Data for the task:
[Start of section]
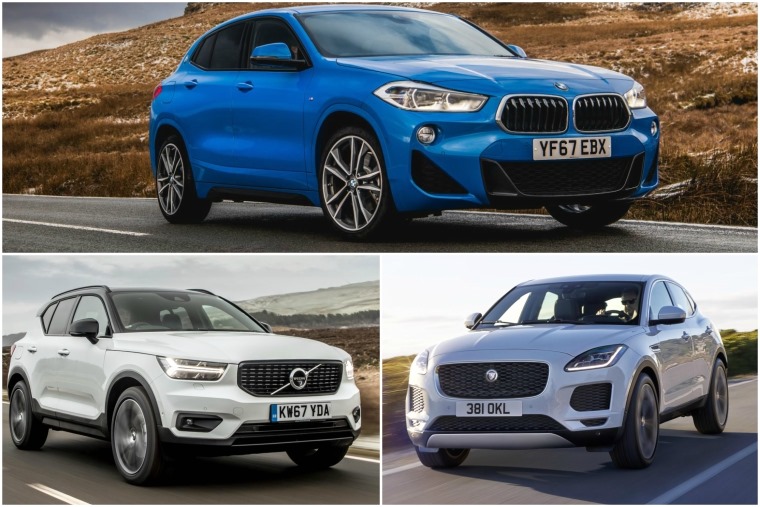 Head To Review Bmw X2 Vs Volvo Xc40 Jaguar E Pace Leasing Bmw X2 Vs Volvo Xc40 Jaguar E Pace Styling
[End of section]
[Start of section]
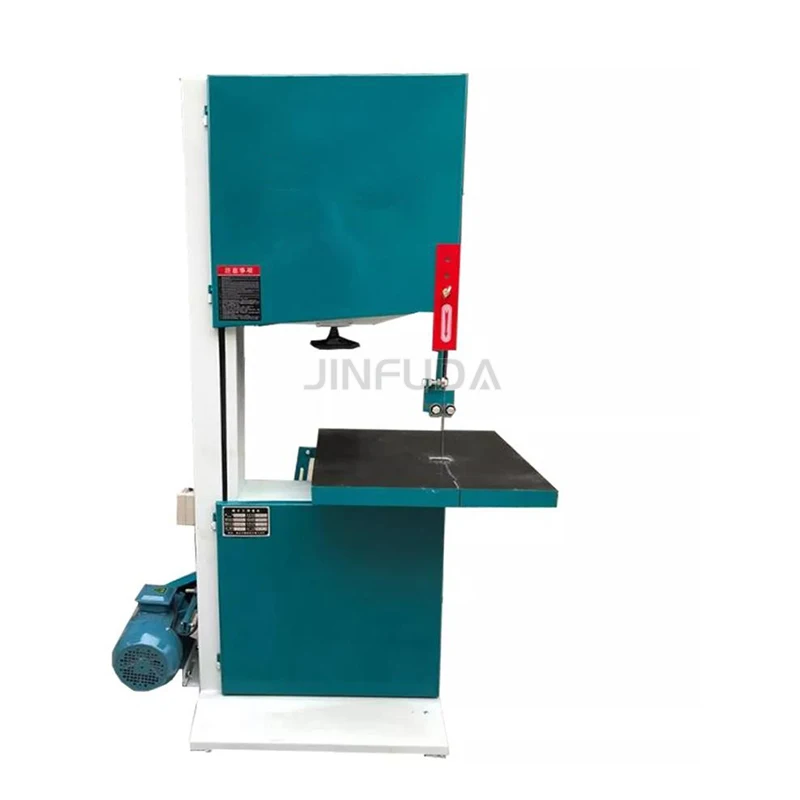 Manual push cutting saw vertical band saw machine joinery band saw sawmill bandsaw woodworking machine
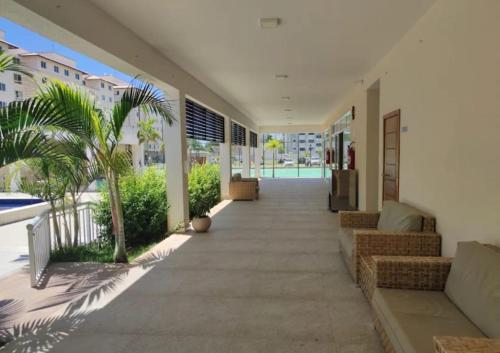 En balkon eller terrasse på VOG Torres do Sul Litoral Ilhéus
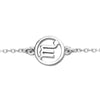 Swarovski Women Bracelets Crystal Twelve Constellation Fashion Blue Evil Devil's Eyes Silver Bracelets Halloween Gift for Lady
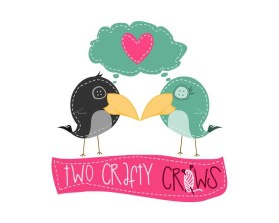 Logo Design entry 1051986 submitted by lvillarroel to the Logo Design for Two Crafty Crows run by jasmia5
[End of section]
What to work on: Repeat exactly the stretch of the listing above that starts with the line holding "Swarovski Women Bracelets" and finishes with the line holding "Logo Design entry", both included. Skip every picture.

Reply:
 Swarovski Women Bracelets Crystal Twelve Constellation Fashion Blue Evil Devil's Eyes Silver Bracelets Halloween Gift for Lady
 Logo Design entry 1051986 submitted by lvillarroel to the Logo Design for Two Crafty Crows run by jasmia5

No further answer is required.